> [What you have to do] Only the lines from the one bearing "Stainless Steel Kitchen" through the end of the listing belong in your response, restated word for word and without pictures.
──────── Exercise data
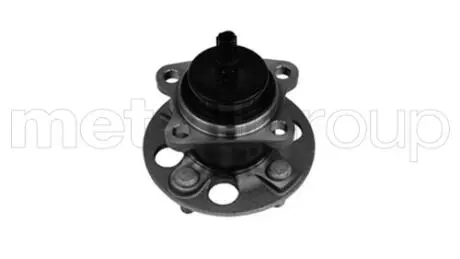 Підшипник маточини (задньої) Toyota Corolla 13-18 CIFAM 6197886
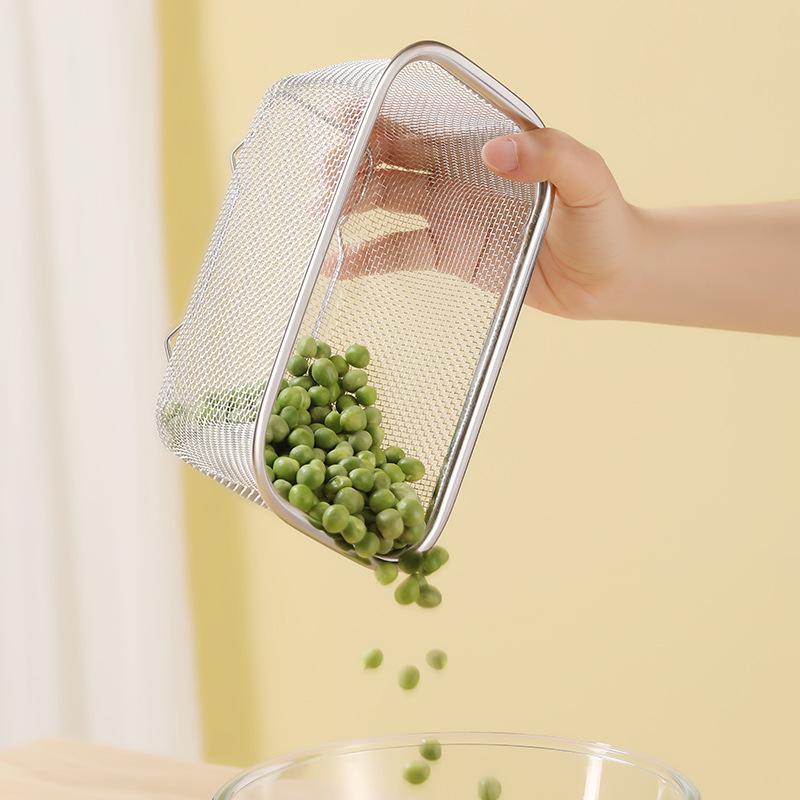 Stainless Steel Kitchen Sink Rack and Fruit Basket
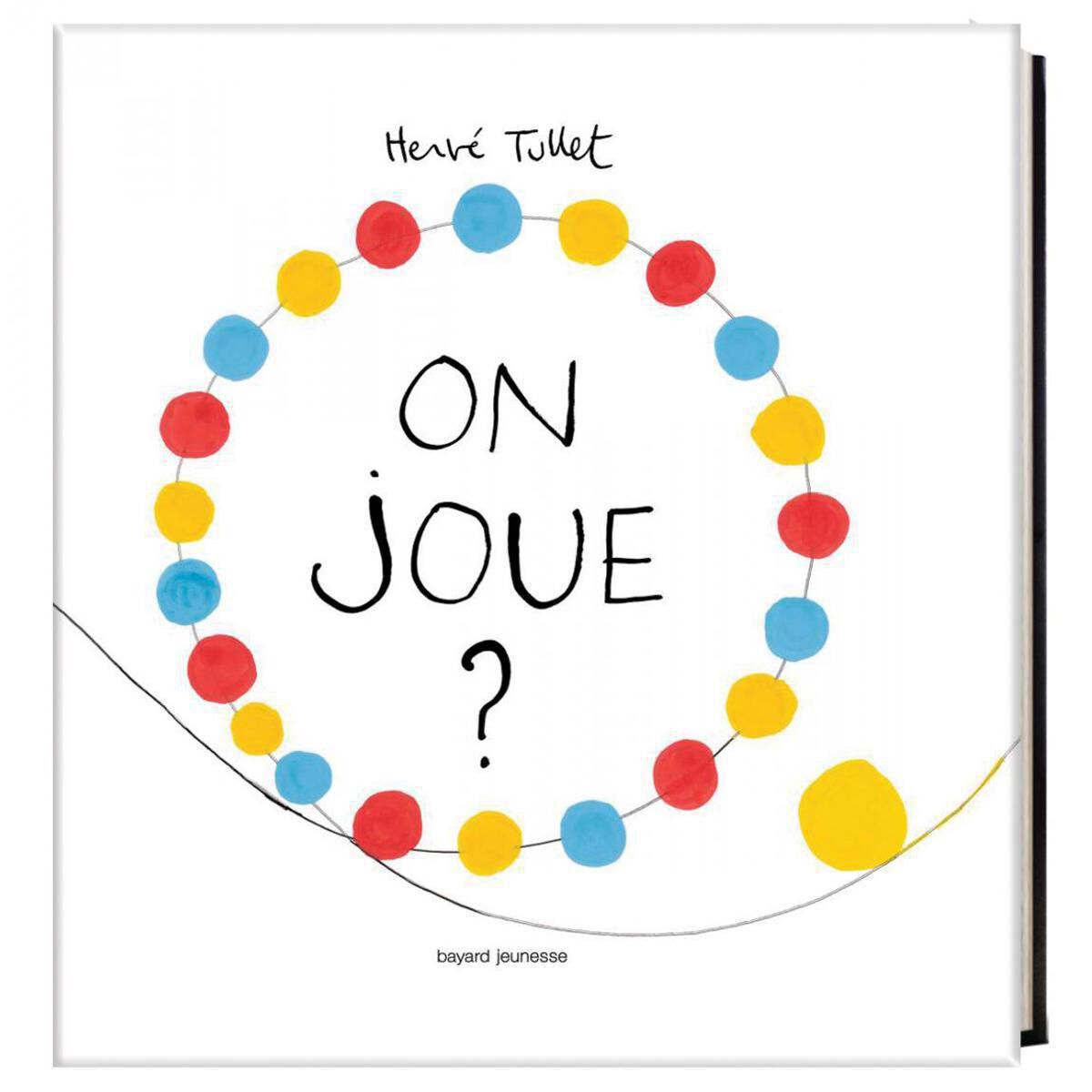 Thumbnail 6 Collection Herv&eacute; Tullet - 5 livres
────────────────
> [Task solution]
 Stainless Steel Kitchen Sink Rack and Fruit Basket
 Thumbnail 6 Collection Herv&eacute; Tullet - 5 livres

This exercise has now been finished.